Really, the entire museum is really interesting and well worth a visit – whether one is Jewish or not. It’s an especially good stop if you’re including concentration camps on your tour, as it provides a nice counterbalance to the most talked-about aspect of being Jewish. There’s much more to German Judaism than dying, and this museum does a brilliant job of telling the rest of the story.

After our visit to the museum we met up with Alex for coffee. He’s a really interesting guy, with an interesting job – he does driving and security work. For Chris, he was doing the driving portion of things; but we think more of his work is actually on the security end. And we didn’t ask many questions, as we figured it’s something that’s probably (ahem) secure. On the list of things we did talk about, however, was Croatia. He was born in Croatia, and moved to Germany with his family when he was about five, but still has plenty of family “back home” – he waxes poetic about Croatia, a place I’d never thought about vacationing before talking to him. According to Alex, the cleanest and most beautiful water is there, in addition to the best of Italian and Greek architecture. His business partner is also Croatian, and Alex offered the tourism services of the both of them if we ever decide to take a trip there. Honestly, one of the benefits of watching European CNN is the travel advertising – there were ads for Croatia (can you imagine seeing that on American TV?) that made it look spectacular. We’re planning to get a guidebook and start looking into it. Next year, perhaps?
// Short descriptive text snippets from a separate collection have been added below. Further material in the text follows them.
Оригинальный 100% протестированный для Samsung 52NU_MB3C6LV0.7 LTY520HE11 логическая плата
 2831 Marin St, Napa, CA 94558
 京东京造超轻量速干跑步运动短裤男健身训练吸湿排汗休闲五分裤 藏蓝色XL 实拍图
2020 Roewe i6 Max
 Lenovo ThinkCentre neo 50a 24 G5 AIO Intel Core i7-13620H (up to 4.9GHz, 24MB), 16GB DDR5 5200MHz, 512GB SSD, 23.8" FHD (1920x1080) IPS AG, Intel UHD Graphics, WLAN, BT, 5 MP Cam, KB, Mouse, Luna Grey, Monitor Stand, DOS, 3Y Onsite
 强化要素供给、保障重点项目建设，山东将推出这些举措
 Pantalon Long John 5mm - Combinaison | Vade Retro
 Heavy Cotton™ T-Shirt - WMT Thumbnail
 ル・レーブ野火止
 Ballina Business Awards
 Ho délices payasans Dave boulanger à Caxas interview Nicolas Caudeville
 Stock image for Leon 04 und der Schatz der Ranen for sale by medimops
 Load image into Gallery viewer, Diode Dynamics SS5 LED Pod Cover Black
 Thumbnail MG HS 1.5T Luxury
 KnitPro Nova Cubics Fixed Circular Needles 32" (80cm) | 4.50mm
We finally connected with my aunt's friend Gerrit, who met us at the coffee house with Alex. The four of us sat for a bit before we said goodbye to Alex and went with Gerrit to an Italian restaurant in Kreuzberg, a neighborhood in Berlin, where his girlfriend Nana was waiting for us. They’re both delightful, and we had a great time talking with them. He spent a year on an exchange in the U.S. in a small farming community in Kansas (I cannot imagine going from living in a huge metropolitan city like Berlin to any town in Kansas), and his English is spectacular. Hers is also fantastic, though she seems more unsure of herself than he does. It was a great meal – for us, it was especially blissful as we could understand parts of the non-English menu for the first time since arriving in Germany, because it was in Italian! We’d love to have them both visit us here, and tried to tempt them with the wonderful things Oregon has to offer – turns out they’re both skiers, so we were quick to point out Mt. Hood’s year-round skiing opportunities… We’ll see how tempted they really were!

After a nice evening with Gerrit and Nana, Gerrit dropped us off at our hotel so we could finish packing - and with that, our trip was coming to an end.